◆ L’articolo di FABIO BALOCCO
► Era il 1994 quando con Carlo Gubetti e Walter Perotto scrissi quello che ad oggi resta un testo unico sulle piste agro silvo pastorali, cioè sulle strade bianche di montagna realizzate per raggiungere alpeggi o fare legnatico. Si intitolava “Piste o peste” (ed. Pro Natura) titolo che equiparava le strade bianche alla pestilenza. Infatti in allora denunciavamo come mancasse un’effettiva politica che coniugasse gli interessi di chi viveva in montagna con gli interessi della montagna stessa (intesa come autentico soggetto), cioè il rapporto uomo-ambiente. Quasi tutte le piste venivano aperte senza che ci fosse uno straccio di piano di recupero fondiario, senza che se ne valutasse l’effettiva redditività, dimodoché si gettavano dalla finestra soldi pubblici (spesso di provenienza Ue) per aprire strade bianche, ristrutturare baite, senza che poi le mucche al pascolo ci andassero, oppure ci andassero per qualche anno e poi stop perché l’operazione non era remunerativa. Tradotto: si sono fatti grossi favori ad imprese movimento terra (spesso locali), producendo ferite non rimarginabili alla montagna. Molte piste terminano oggi nel nulla.

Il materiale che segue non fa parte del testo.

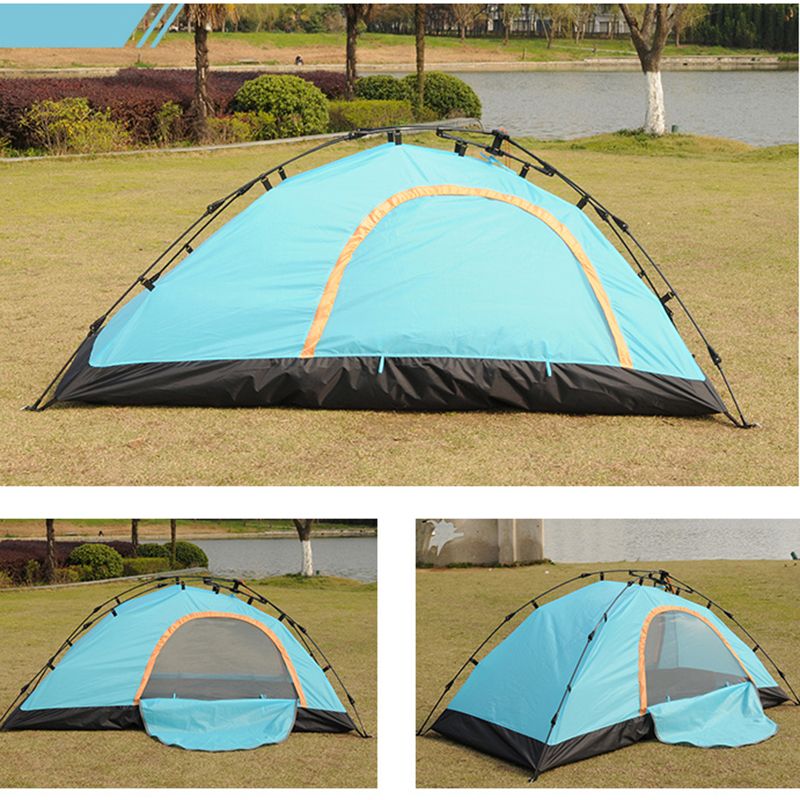 Waterproof Camping Tent Automatic Installation Rainproof Anti-Mosquito Breathable Tent Single Person Backpacking Tent, 4 Season Outdoor Lightweight Esg15110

Era il 1994, quindi sono trascorsi trent’anni, e di altre piste ne sono state aperte a decine, e le Valli di Lanzo, a due passi da Torino, non si sono certo sottratte alla stradomania, anche favorite da una normativa regionale in tema di vincolo idrogeologico che un tempo consigliava di confrontare più progetti di fattibilità (ad esempio le teleferiche per il taglio della legna), ed oggi non più. Uno dei casi più eclatanti, impattanti ed assurdi fu il progetto presentato otto anni fa dal Comune di Groscavallo (Val Grande di Lanzo) di aprire una pista che raggiungesse il Gias Nuovo, nell’alto Vallone di Sea, uno degli angoli più intatti e selvaggi dell’arco alpino occidentale, reso famoso dalle vie di arrampicata aperte sulle sue ripide pareti di granito da Gian Carlo Grassi ed altri famosi alpinisti torinesi. Associazioni di alpinisti, appunto, ed escursionisti insorsero, e la stessa giunta regionale guidata da Chiamparino, si dimostrò scettica. Il progetto fu abbandonato, ma il Vallone così intatto dava fastidio [leggi qui nota 1]. Due anni dopo ecco presentato un progetto, questa volta di centralina idroelettrica, anch’esso caduto nel nulla. Ma è la pista che attira, la pista [leggi qui nota 2].